■ Assigned task: Your response should contain exactly the lines running from the one with "Olive Forest Luxe" to the end of the data below, both included, and no pictures.

Crawled caption data
________________________

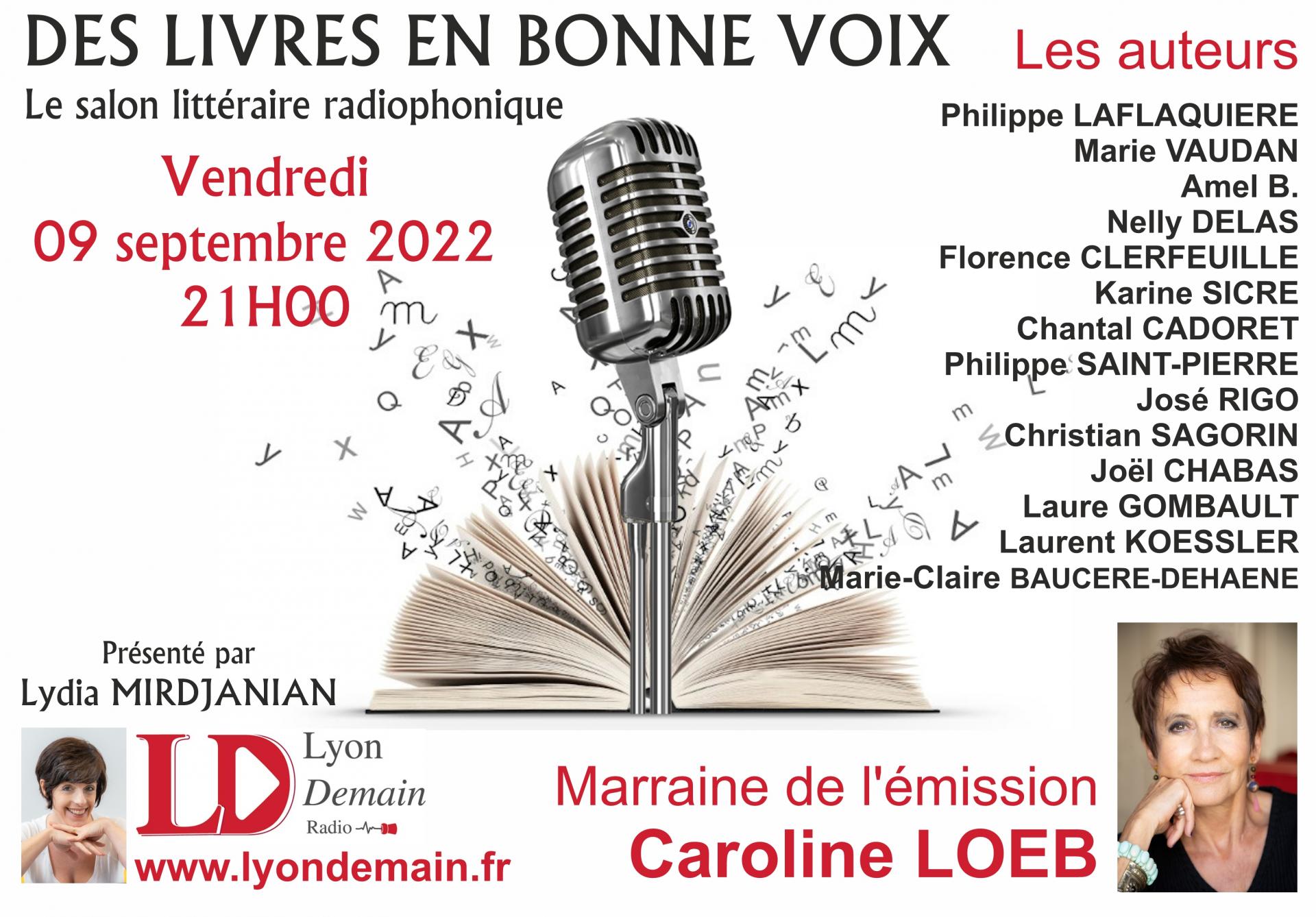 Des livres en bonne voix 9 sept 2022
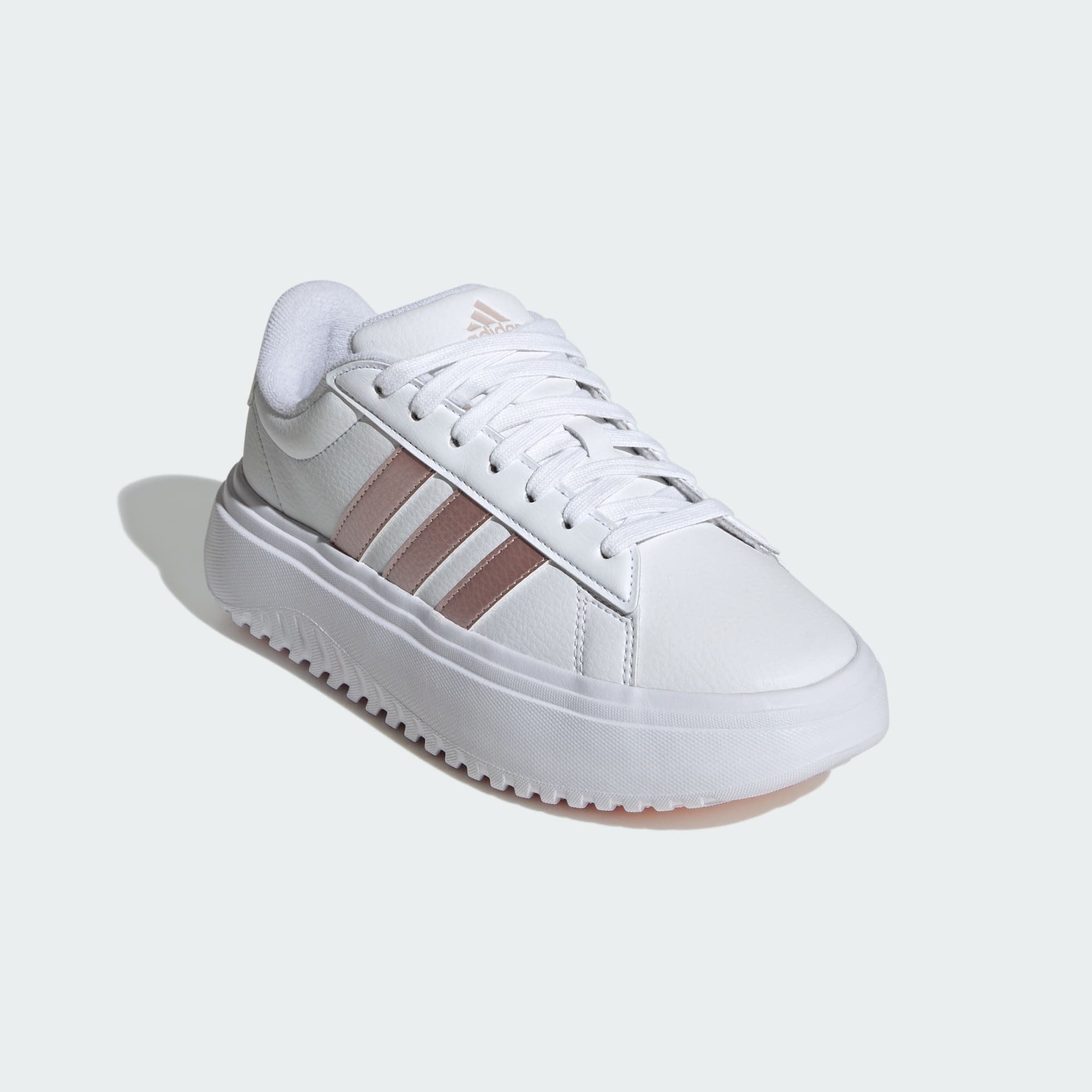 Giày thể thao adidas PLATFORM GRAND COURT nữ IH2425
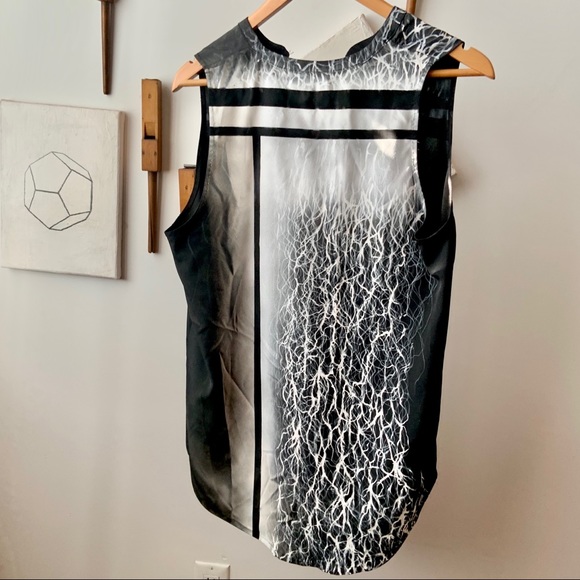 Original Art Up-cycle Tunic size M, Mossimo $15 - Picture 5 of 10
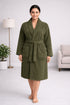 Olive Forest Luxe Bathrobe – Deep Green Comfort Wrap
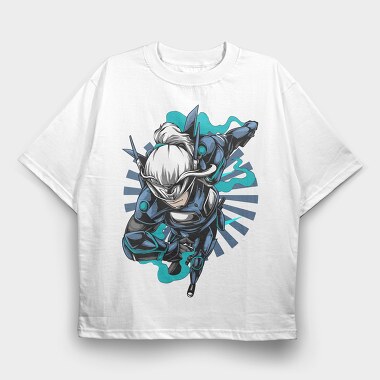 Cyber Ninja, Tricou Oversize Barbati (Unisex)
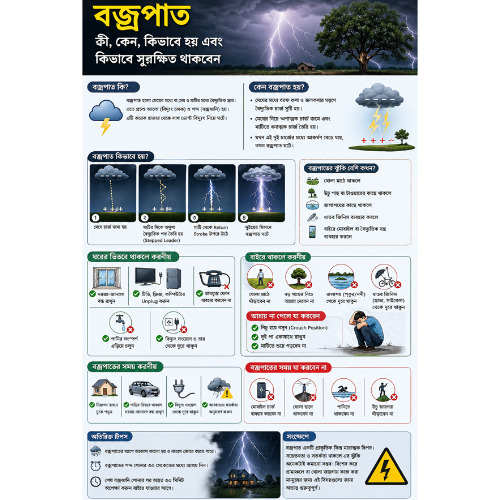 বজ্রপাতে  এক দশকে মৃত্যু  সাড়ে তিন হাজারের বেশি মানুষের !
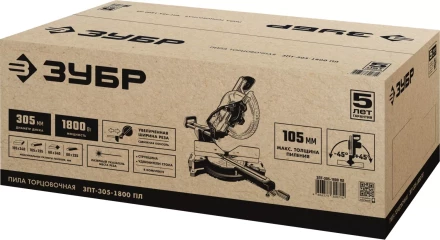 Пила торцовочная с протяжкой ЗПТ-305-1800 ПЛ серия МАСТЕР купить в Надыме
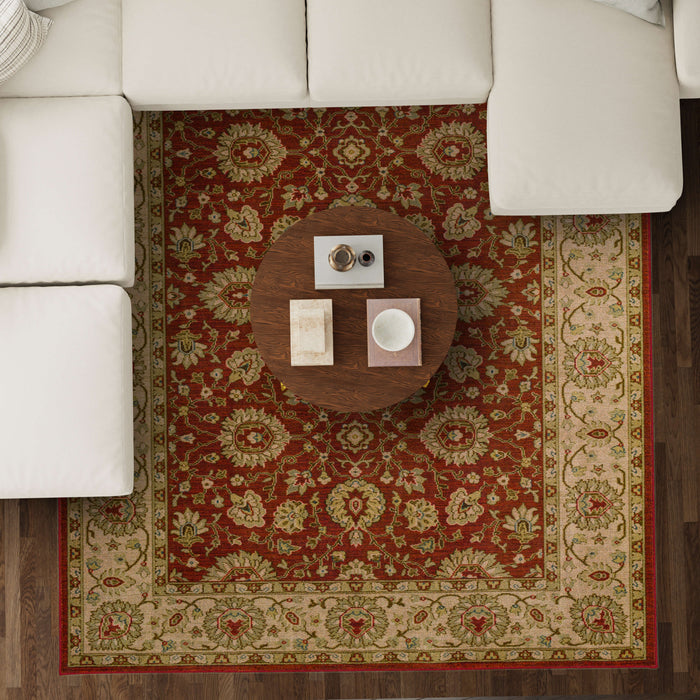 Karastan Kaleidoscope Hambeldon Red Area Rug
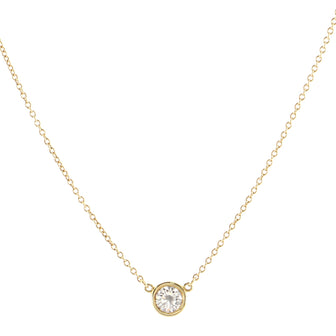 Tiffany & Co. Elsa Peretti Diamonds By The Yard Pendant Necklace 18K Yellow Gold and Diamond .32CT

________________________

■ Result for this task:
 Olive Forest Luxe Bathrobe – Deep Green Comfort Wrap
 Cyber Ninja, Tricou Oversize Barbati (Unisex)
 বজ্রপাতে  এক দশকে মৃত্যু  সাড়ে তিন হাজারের বেশি মানুষের !
 Пила торцовочная с протяжкой ЗПТ-305-1800 ПЛ серия МАСТЕР купить в Надыме
 Karastan Kaleidoscope Hambeldon Red Area Rug
 Tiffany & Co. Elsa Peretti Diamonds By The Yard Pendant Necklace 18K Yellow Gold and Diamond .32CT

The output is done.